Romário foi cobrado há mais de 20 anos sobre uma quebra de contrato com uma empresa que prestava serviço à boate Café do Gol, da qual Romário, à época, era sócio. Agora, o objetivo é quitar a dívida.
O parlamentar é acusado de registrar bens de familiares para impedir que fossem vendidos para quitar dívidas. Em 2021, a Justiça do Rio havia autorizado o leilão desses bens, mas o Superior Tribunal de Justiça (STJ) suspendeu a medida.

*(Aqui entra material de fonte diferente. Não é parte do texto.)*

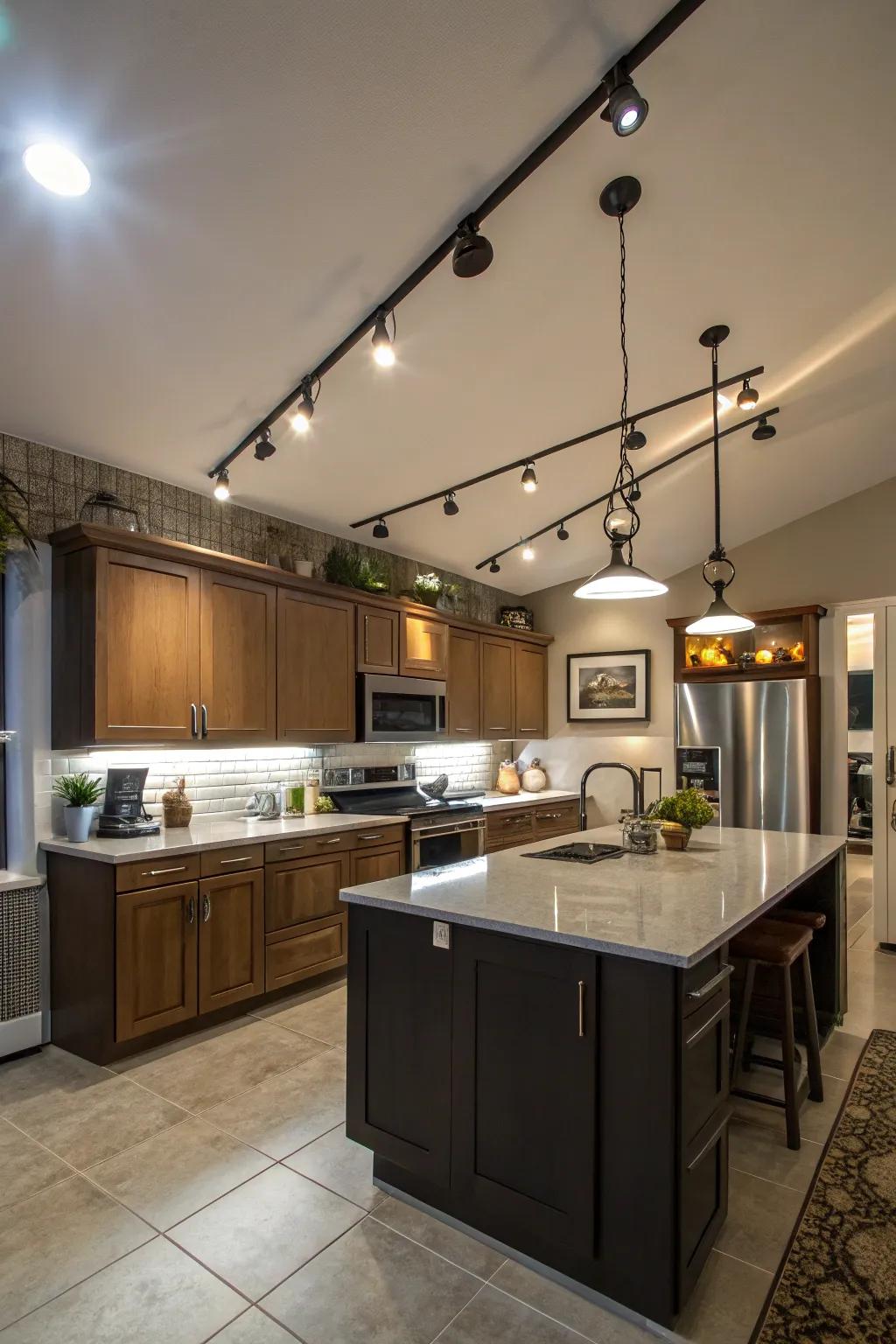 Transform your kitchen with creatively angled track lighting.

Em setembro deste ano, ele foi condenado em outro processo pela Justiça carioca, que considerou que a transferência de bens teve objetivo de “esconder o patrimônio e frustrar a eficácia da execução”.
Em nota, a defesa de Romário disse:
“A recente decisão do TJRJ, no processo movido pela empresa Koncretize, ainda aguarda apreciação de recurso. O senador mantém plena confiança no trabalho de sua equipe jurídica e acredita que os fundamentos apresentados serão suficientes para afastar qualquer possibilidade de leilão.
Cabe destacar que o processo em questão foi iniciado há mais de 20 anos, marcado por cobranças absolutamente desproporcionais e exorbitantes. A defesa de Romário seguirá atuando para que prevaleçam a razoabilidade e a justiça, confiando na reversão desse cenário”.